L’AQUILA – Anche quest’anno il jazz italiano torna a mobilitarsi per le terre colpite dal sisma con centinaia di musicisti che si esibiranno in quattro città coinvolte: il 2 settembre sarà la volta dell’Aquila, precede la data abruzzese quella del 30 agosto a Camerino (Macerata), il 31 agosto a Scheggino (Perugia), l’1 settembre ad Amatrice (Rieti).

Fortemente voluta dal Ministero dei beni e le attività culturali, dai sindaci dei quattro centri coinvolti e dal musicista e direttore artistico Paolo Fresu, l’iniziativa sarà caratterizzata da una natura itinerante: quattro giorni di grande musica che tracceranno un ponte ideale, un filo indissolubile di bellezza e arte nel cuore dell’Italia.

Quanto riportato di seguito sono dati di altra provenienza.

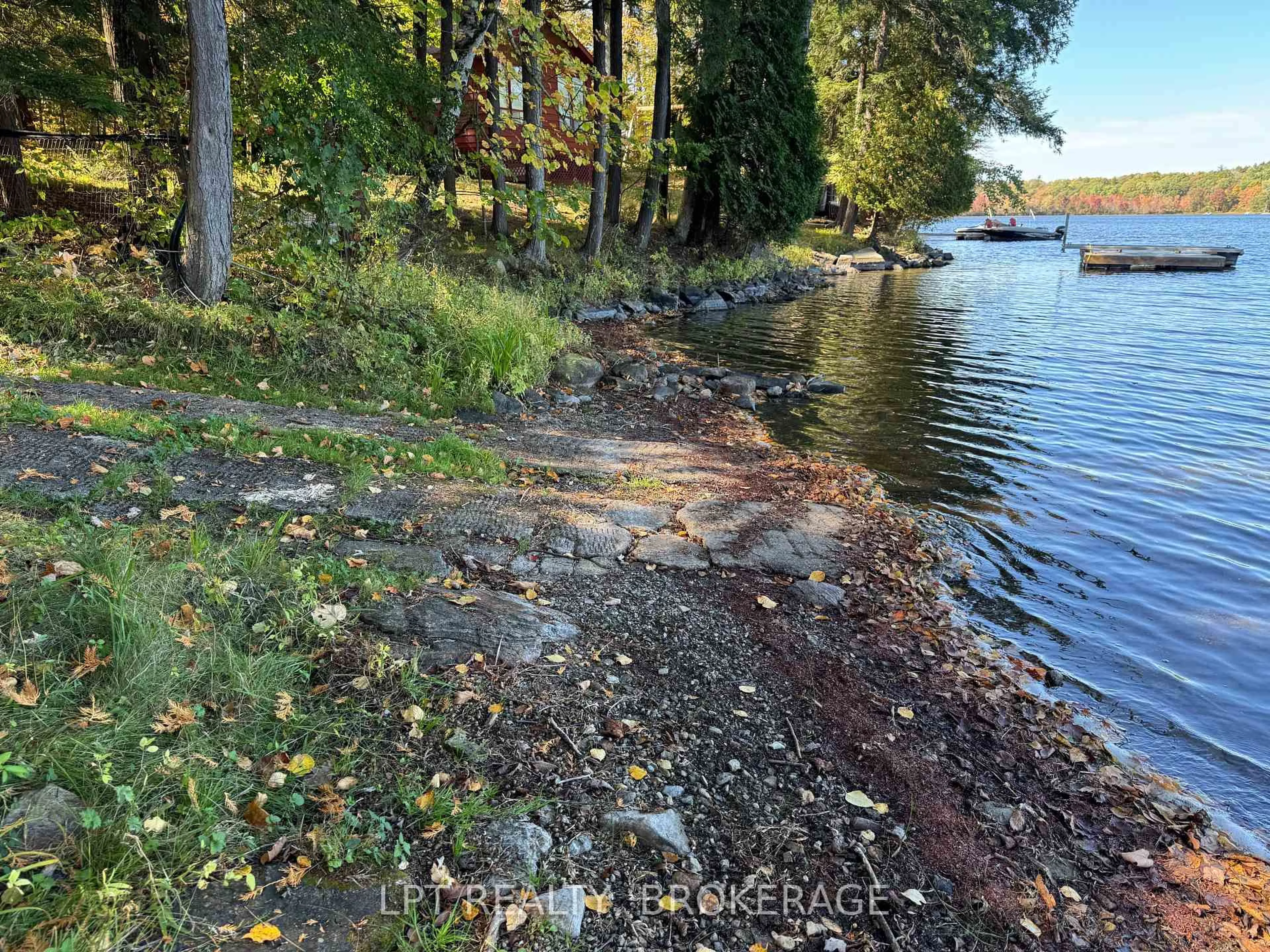 A pic from outside/outdoor area/front of a property/back of a property/a pic from drone, water/lake/river/ocean view for 500 Yvon Lane, Rideau Lakes Ontario K0G 1X0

L’evento è stato presentato al Mibac alla presenza, fra gli altri, del sottosegretario Gianluca Vacca, di Paolo Fresu, direttore artistico e presidente IJI, Filippo Sugar, presidente Siae e Andrea Miccichè, presidente NuovoImaie.

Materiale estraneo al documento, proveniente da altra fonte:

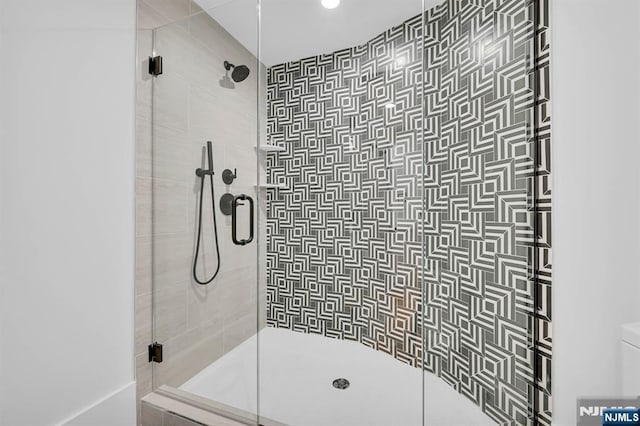 bathroom with toilet and a stall shower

Presenti Pierluigi Biondi, sindaco dell’Aquila, Gaetano Blandini, direttore generale Siae e i sindaci e gli assessori dei comuni di Amatrice nel Lazio, Camerino nelle Marche e Scheggino in Umbria.

“Sono emozionato, non in maniera retorica, perché per noi abruzzesi il 2009 è uno spartiacque: c’è un prima e un dopo”, ha spiegato Gianluca Vacca.

“Mi sento particolarmente emozionato nel presentare un evento come questo. Il 2009 l’ho vissuto da cittadino, il 2016 da parlamentare, e da deputato della commissione Cultura ho cercato di dare un contributo concreto, e ora sono al governo. Voglio quindi in questa veste impegnarmi in prima persona sulla ricostruzione e sul restauro dei beni culturali, per questo ho chiesto al ministro la delega alla ricostruzione post sisma”, ha sottolineato Vacca, “a testimonianza di come l’arte e la cultura siano un mezzo di rinascita di una comunità”.

“Le mie prime visite da sottosegretario – ha ricordato Vacca – sono state a L’Aquila e presto andrò a visitare i luoghi del sisma del 2016. Il compito del ministero è di far sì che iniziative come queste abbiano una durata nel tempo, per dare anche un messaggio di come la cultura possa aiutare la rinascita di un popolo”.

Dal Mibac, ha concluso Vacca, “c’è l’impegno massimo su questo e sul restauro dei nostri beni”.